(TASK TO CARRY OUT):
Exactly as written, return every line of the data below apart from the pictures.

(Captioned web images)
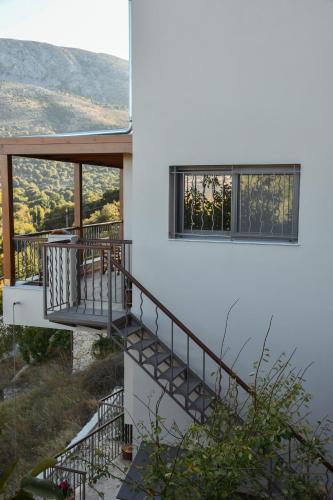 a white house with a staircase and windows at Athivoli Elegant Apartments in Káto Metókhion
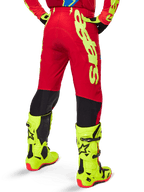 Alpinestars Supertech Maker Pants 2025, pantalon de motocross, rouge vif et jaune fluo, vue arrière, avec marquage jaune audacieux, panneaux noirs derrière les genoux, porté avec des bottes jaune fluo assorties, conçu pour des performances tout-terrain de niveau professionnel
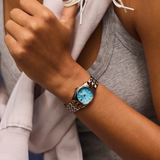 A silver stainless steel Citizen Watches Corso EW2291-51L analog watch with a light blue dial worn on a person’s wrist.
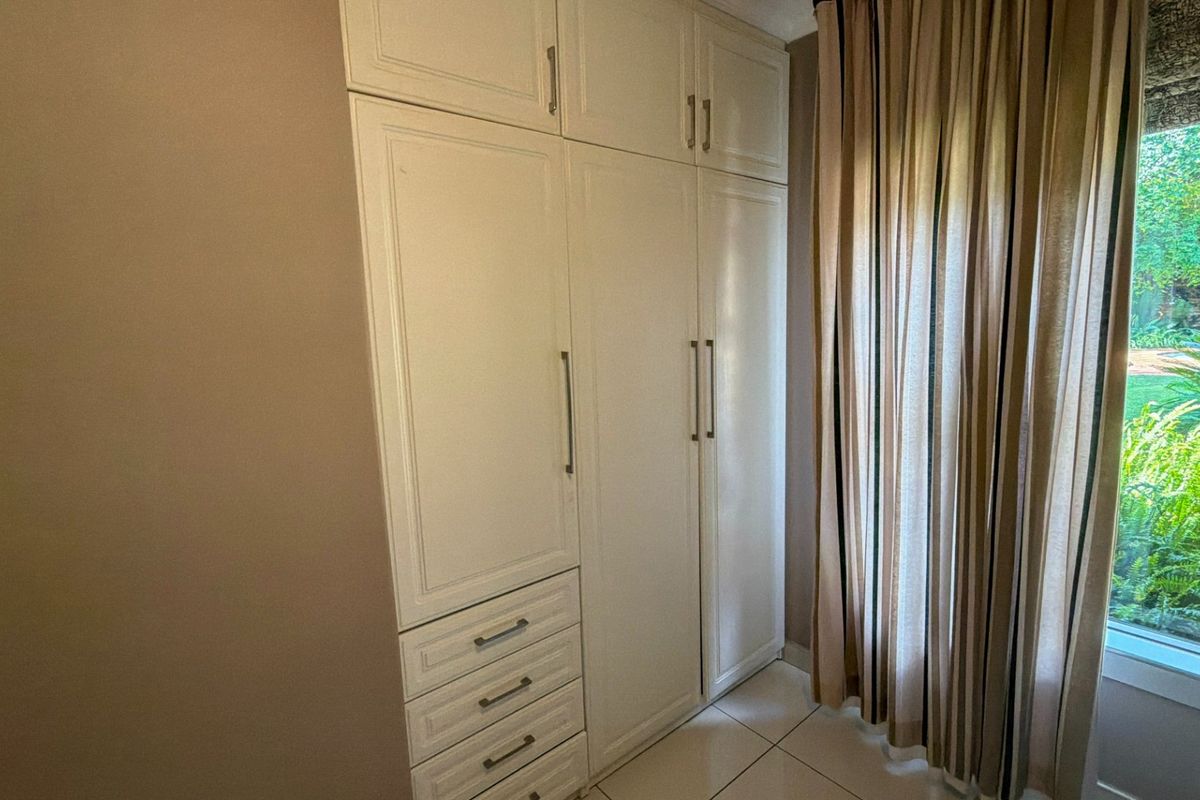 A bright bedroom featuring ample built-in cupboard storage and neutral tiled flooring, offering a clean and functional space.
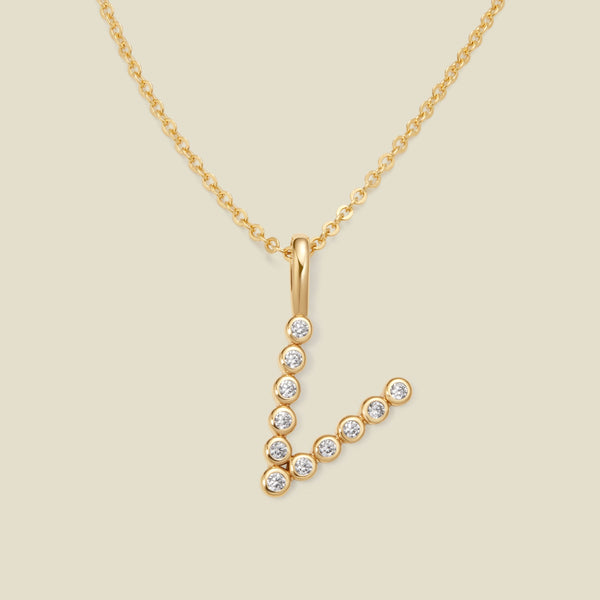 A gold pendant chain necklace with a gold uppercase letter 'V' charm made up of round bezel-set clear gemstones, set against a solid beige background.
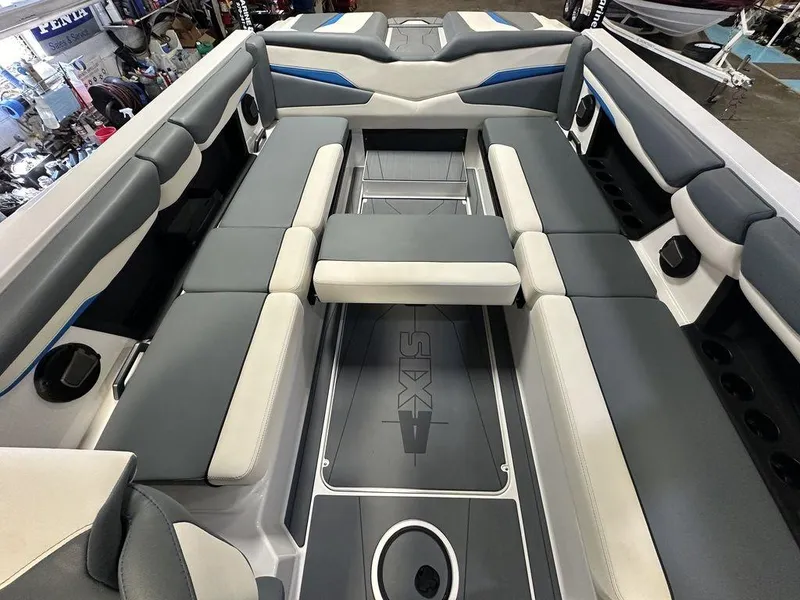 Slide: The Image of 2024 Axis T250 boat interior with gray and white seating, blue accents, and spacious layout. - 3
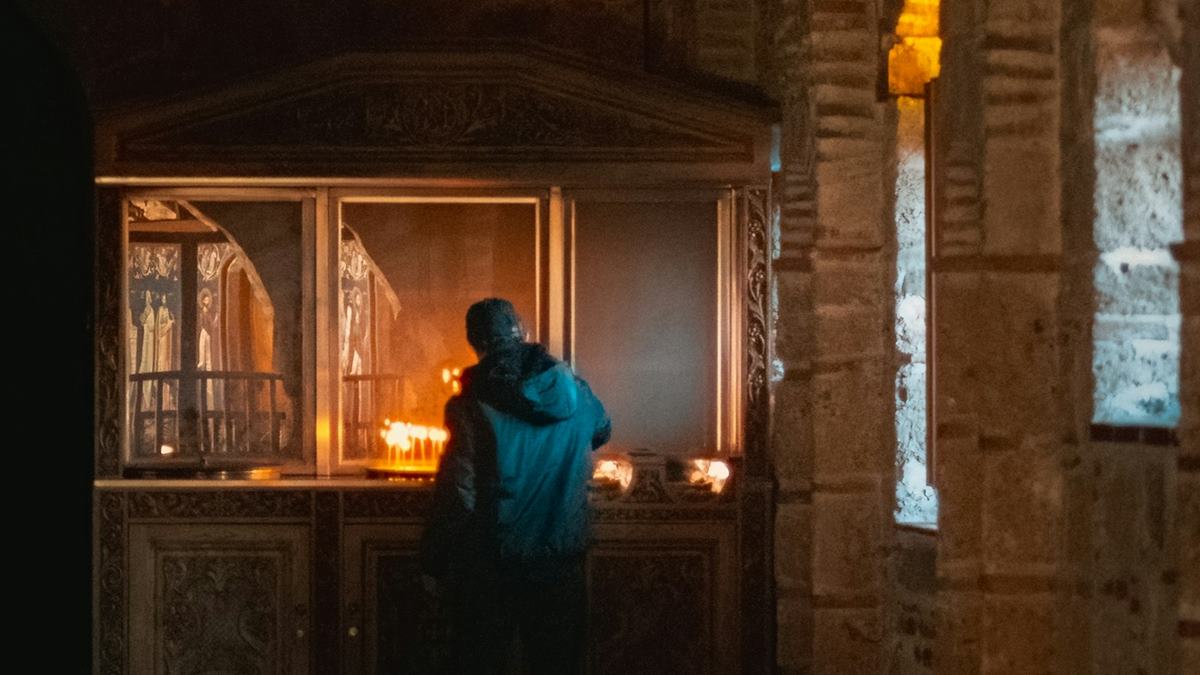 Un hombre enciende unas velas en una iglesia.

(EXERCISE RESPONSE):
 a white house with a staircase and windows at Athivoli Elegant Apartments in Káto Metókhion
 Alpinestars Supertech Maker Pants 2025, pantalon de motocross, rouge vif et jaune fluo, vue arrière, avec marquage jaune audacieux, panneaux noirs derrière les genoux, porté avec des bottes jaune fluo assorties, conçu pour des performances tout-terrain de niveau professionnel
 A silver stainless steel Citizen Watches Corso EW2291-51L analog watch with a light blue dial worn on a person’s wrist.
 A bright bedroom featuring ample built-in cupboard storage and neutral tiled flooring, offering a clean and functional space.
 A gold pendant chain necklace with a gold uppercase letter 'V' charm made up of round bezel-set clear gemstones, set against a solid beige background.
 Slide: The Image of 2024 Axis T250 boat interior with gray and white seating, blue accents, and spacious layout. - 3
 Un hombre enciende unas velas en una iglesia.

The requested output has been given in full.